Obama was the keynote speaker at a clean energy conference in the southwestern city of Las Vegas, Nevada Monday night. He noted that some fossil fuel and utility interests are fighting the nation's rush to cleaner, cheaper and more efficient energy. But he said, "Sorry, we're moving forward."
The president said that after decades of being told renewable energy doesn't make economic sense, "today that's no longer true."
Among the steps announced by the president are new rules from the Federal Housing Administration that could significantly expand the use of so-called PACE (Property Assessed Clean Energy) loans that allow homeowners to install energy improvements and pay back their costs over time. To date, use of that financing has been constrained by regulatory obstacles. He also said the Department of Energy will make $1 billion in additional loan guarantees available to encourage innovation in technologies that give Americans more flexibility in choosing renewable energy options.
Obama's speech, at an annual energy conference hosted by Senate Democratic leader Harry Reid, was aimed at countering fossil fuel and utility interests that have been working to undercut clean energy policies with arguments that the matter should be left to the free market.

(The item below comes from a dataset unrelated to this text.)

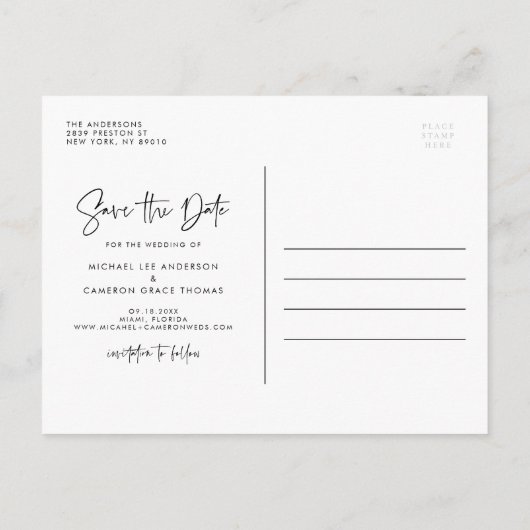 Blush Roze Hawaii Map Modern Script Save the Date Aankondigingskaart (Achterkant)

The president had returned from a two-week vacation Sunday with a number of important issues facing him over the next few months, including working to push the international agreement on Iran's nuclear program through a skeptical Congress.
But with the world trying to clinch a binding agreement to address climate change by the end of the year, he has been working on reforms at home to cut carbon emissions, while also cutting costs for U.S. consumers.
Modernization of power grid
Monday's National Clean Energy Summit was aimed at looking to ways governments and the private sector can work together on clean energy solutions and modernizing the U.S. power grid, according to organizers. In addition to Obama, speakers included leaders from electric utility companies, solar technology firms and an electric car maker.
Earlier this month, Obama unveiled new regulations for power plants with a goal of cutting polluting carbon dioxide emissions by 32 percent below 2005 levels by the year 2030. The plan, if implemented, also would call for boosting the amount of power generated by renewable sources so that it makes up 28 percent of overall power production.
Power companies already have been converting some of their operations in recent years, increasing their reliance on natural gas, solar and wind. As a result, government data has shown a drop in carbon emissions from coal-burning power plants.
The issue of reducing the amount of carbon released into the atmosphere is a major focus on global efforts to contain a rise in temperatures.
The U.S. National Oceanographic and Atmospheric Administration issued a report last week citing July as the warmest month ever recorded worldwide since data collection began in 1880. The same report said that so far 2015 is the warmest year on record.
Delegations from all over the world will convene in Paris on November 30 for nearly two weeks of talks to decide how to reach the goal of keeping temperatures from rising more than 2 degrees Celsius above pre-industrial levels, which scientists warn would bring extreme weather and rising seas. They want a binding agreement with specific plans for each country to accomplish.
A new agreement would go into effect in 2020.